Elvis Nduwayo soutient qu’il n’y avait pas de différence entre les Belges et les Allemands : « Avant leur arrivée, le royaume était bien géré par les rois, la cohabitation était bonne entre les composantes de la société burundaise. Un ordre qui a été renversé avec les colonisateurs. » Et d’enchaîner : « Avec la politique de diviser pour régner, l’exclusion d’une catégorie de la population, des privilèges accordés à une ou telle autre ethnie, des Burundais ont commencé à se rentrer dedans », détaille ce jeune.

Reconnaissant qu’il y a eu des progrès dans le domaine socio-économique, il souligne que les colonisateurs avaient des intérêts visés : le pillage des ressources naturelles et minières, l’exploitation de la main d’œuvre, etc. Malheureusement, déplore-t-il, il y a eu des Burundais qui se sont alignés derrière les colonisateurs pour bénéficier des faveurs.

Quant à Diomède, un jeune chercheur, il est convaincu que les colonisateurs n’ont réalisé aucune bonne action dans le pays : « Par exemple, l’installation des écoles ne visait pas l’intérêt des Burundais. Mais c’était pour avoir des collaborateurs pouvant les aider à asseoir leur domination. Ce sont eux qui choisissaient ceux qui vont fréquenter ces écoles.» Pour lui, même les routes tracées se dirigeaient vers les missions, leurs lieux de résidence, etc. « C’était aussi pour rendre facile le contrôle de tous les coins du pays».


Eclairage

Le politologue Elias Sentamba.

Selon le politologue Elias Sentamba, les Allemands ont appliqué l’indirect ruler pour deux raisons. Ils étaient moins nombreux pour remplacer tous les organes dirigeants en place. Ils devaient alors se faire aider par les noirs.
Pour lui, ces Allemands ont été un peu malins. « Ils voulaient donc se donner du temps pour être nombreux». A ceux qui disent qu’ils étaient doux, il leur rappelle que les Allemands ont appliqué la politique de diviser pour régner. Pour affaiblir le roi Mwezi Gisabo, ils ont soutenu les rebelles comme Kilima et Maconco. Et après la signature du Traité de Kiganda consacrant la soumission du roi aux Allemands, ces derniers l’ont aidé à combattre ses anciens alliés à savoir Kilima et Maconco.
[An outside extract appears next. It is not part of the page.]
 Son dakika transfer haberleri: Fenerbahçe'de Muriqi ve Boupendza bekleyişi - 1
En ce qui est de l’administration indirecte appliquée par les Belges, il rappelle que ceux-ci sont arrivés au Burundi en 1917. Vaincue lors de la 1ère guerre mondiale, l’Allemagne a vu ses colonies confier aux autres puissances. Le Burundi est tombé dans les mains des Belges qui étaient d’ailleurs présents au Congo.
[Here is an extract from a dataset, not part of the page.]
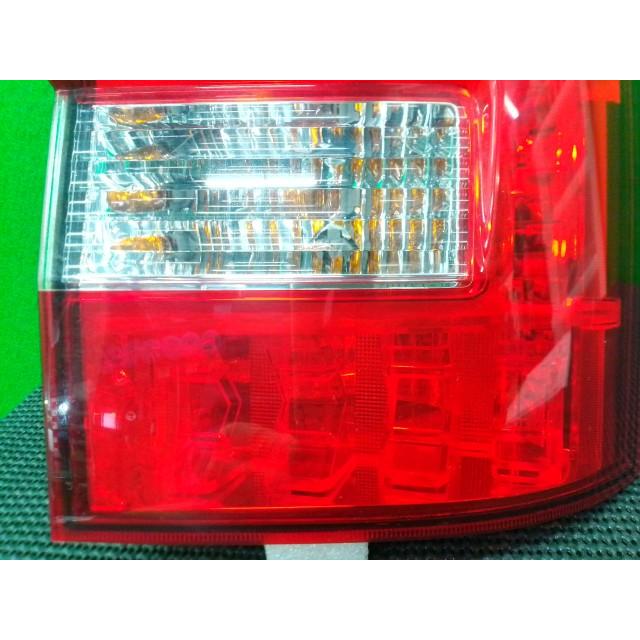 デリカD5 DBA-CV5W 右テールランプ X24 8330A186 : YRCヤフーショップ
Et pour avoir une mainmise sur le pays, ils ont commencé par détruire les fondements de la société : le culte traditionnel religieux (Kubandwa), la suppression de l’Umuganuro (grand rassemblement national, une sorte de retraite gouvernementale), la diabolisation des Abanyamabanga (gardiens des secrets royaux parmi les conseillers du roi), le rôle d’Abishikira réduit à zéro, etc. Ces derniers étaient les informateurs du roi, un véritable service de renseignement. Ils donnaient rapport directement au roi et échappaient au contrôle des princes, d’Abatware (chefs).

Ainsi, le roi va rester seul et solitaire et ses pouvoirs fortement réduits. C’est alors que les Belges vont décider pour le pays. « Désormais, ce sont les nouveaux convertis au catholicisme, ceux qui savent lire et écrire qui vont être des proches des colonisateurs. L’école ayant déjà créé la distance entre eux et le reste de la population».
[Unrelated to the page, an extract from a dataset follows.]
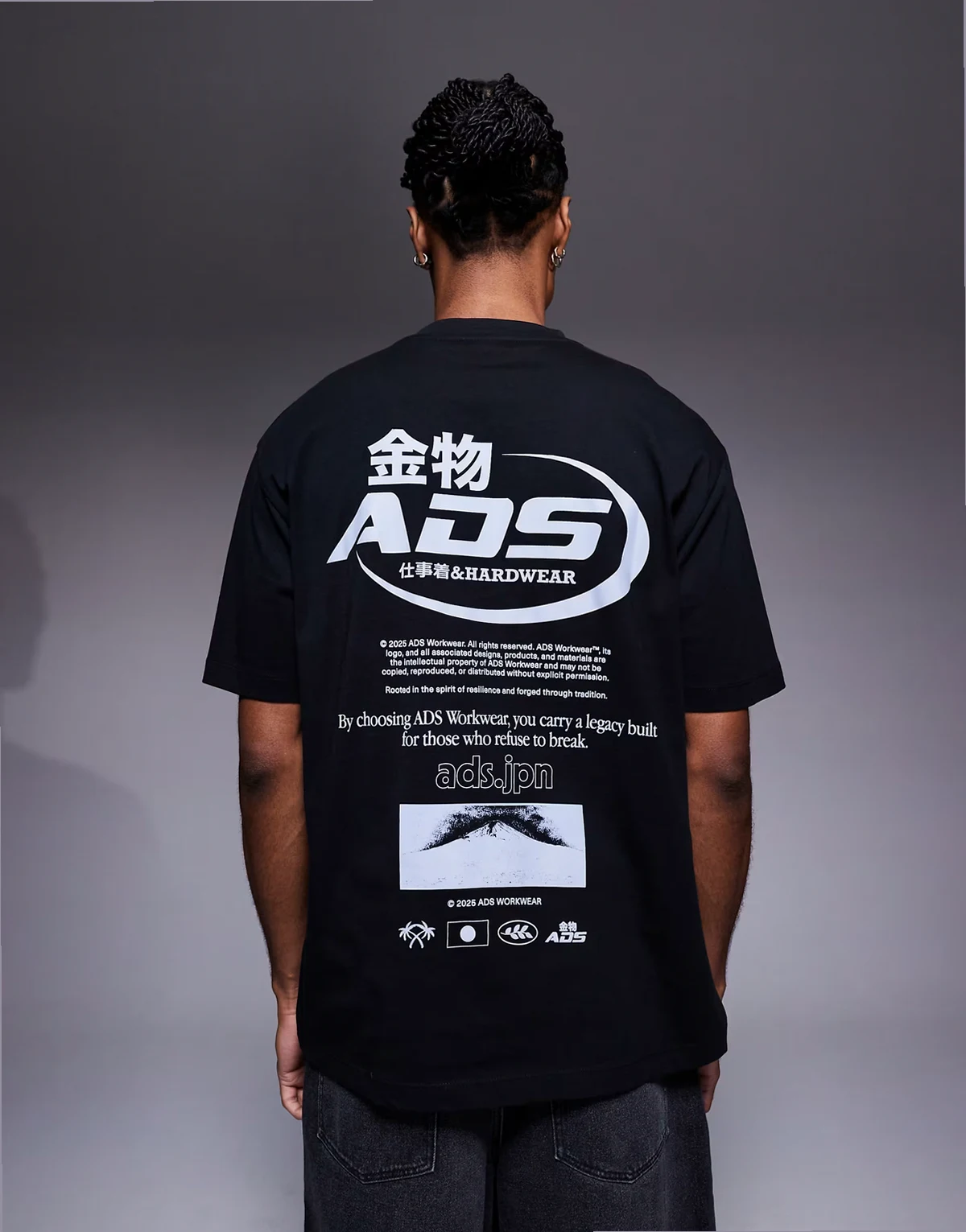 – Czarny T-shirt o luźnym kroju z grafiką w ulicznym stylu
Mais le grand bouleversement va s’opérer avec la réorganisation administrative initiée par la tutelle belge en 1925. Avec cette administration, presque tous les Hutu ont été exclus de l’administration, des postes de responsabilités, etc. « Ils ont été progressivement remplacés dans l’administration par les lauréats d’Astrida. Ces derniers étaient majoritairement des fils de Baganwa et des Tutsi».

Avant l’arrivée des colonisateurs, toutes les composantes de la société étaient représentées dans les différents organes dirigeants. « Pour désigner telle ou telle autre personne à un tel poste, c’est l’appartenance clanique qui était mise en avant et pas l’ethnie. Les termes Hutu et Tutsi avaient un autre sens, contrairement à ce qui se dit aujourd’hui».